-- Your instructions --
Exact copy, no pictures: set down every entry below as written.

Pictures with short captions
◆ ◆ ◆ ◆

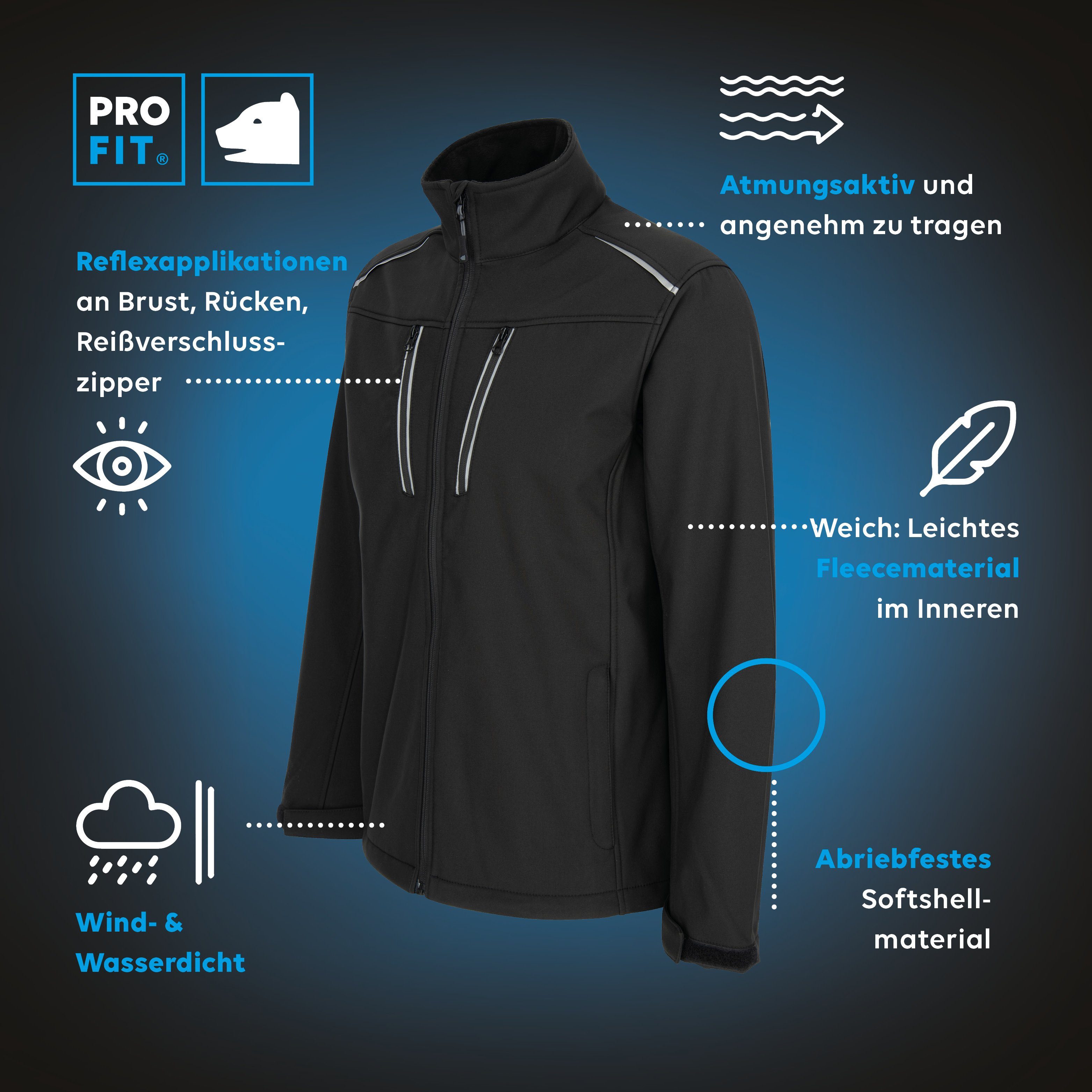 PRO FIT by Fitzner Arbeitsjacke aus Softshell, Freizeitjacke, Outdoorjacke, für Herren & Damen (1, Stück) Reflexapplikationen, Wind- und Wasserabweisend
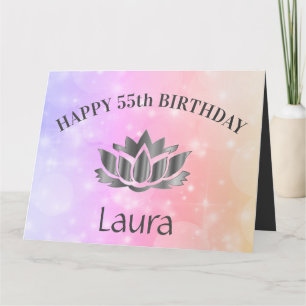 Personalised Sparkly 55th Birthday Card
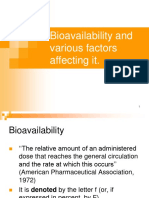 Bioavailability and Various Factors Affecting It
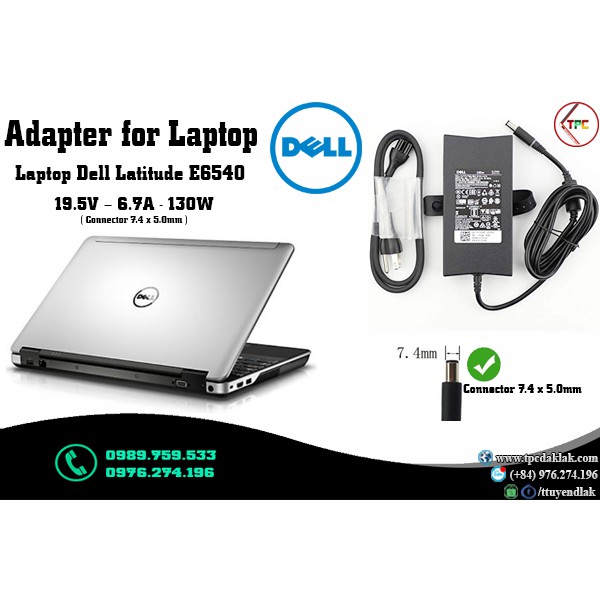 Sạc Laptop Dell Laititude E6540 Original | Adapter Dell 19.5V - 6.7A - 130W ( Connector 7.4 x 5.0mm )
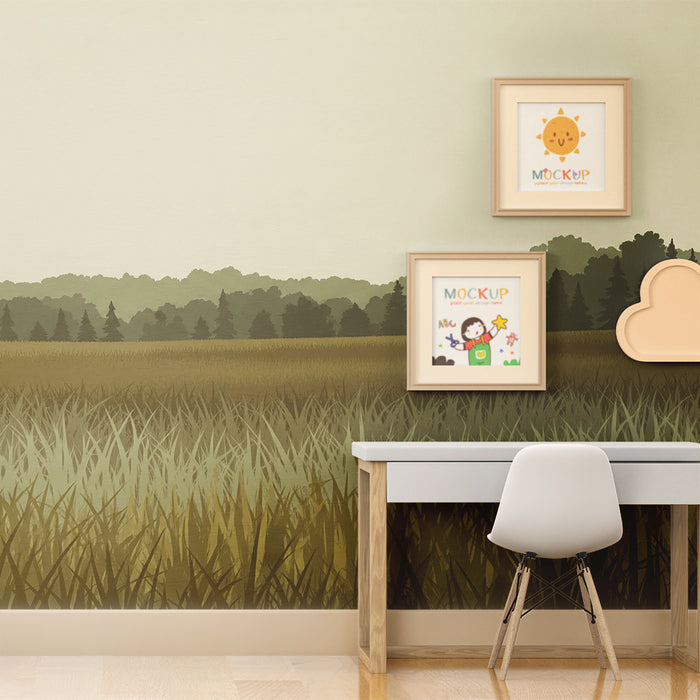 Kinderkamer behang | Groen veld en rustgevend bos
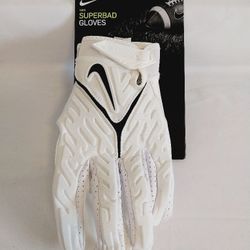 Nike Superbad White Black Padded Football Gloves 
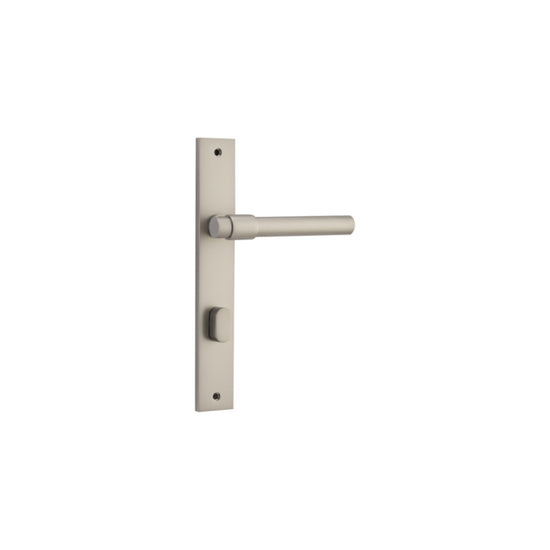 Door Lever Helsinki Rectangular Privacy Pair Satin Nickel CTC85mm H240xW38xP44mm in Satin Nickel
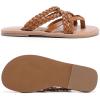 image:imageRuiee Wide Width Sandals for Women Summer Wide Feet Flip Flops Flat Slides Casual Braided Comfort Slip on Breathable Thong Cute SandalTan Pu 8009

◆ ◆ ◆ ◆

-- Output below --
 PRO FIT by Fitzner Arbeitsjacke aus Softshell, Freizeitjacke, Outdoorjacke, für Herren & Damen (1, Stück) Reflexapplikationen, Wind- und Wasserabweisend
 Personalised Sparkly 55th Birthday Card
 Bioavailability and Various Factors Affecting It
 Sạc Laptop Dell Laititude E6540 Original | Adapter Dell 19.5V - 6.7A - 130W ( Connector 7.4 x 5.0mm )
 Kinderkamer behang | Groen veld en rustgevend bos
 Nike Superbad White Black Padded Football Gloves 
 Door Lever Helsinki Rectangular Privacy Pair Satin Nickel CTC85mm H240xW38xP44mm in Satin Nickel
 image:imageRuiee Wide Width Sandals for Women Summer Wide Feet Flip Flops Flat Slides Casual Braided Comfort Slip on Breathable Thong Cute SandalTan Pu 8009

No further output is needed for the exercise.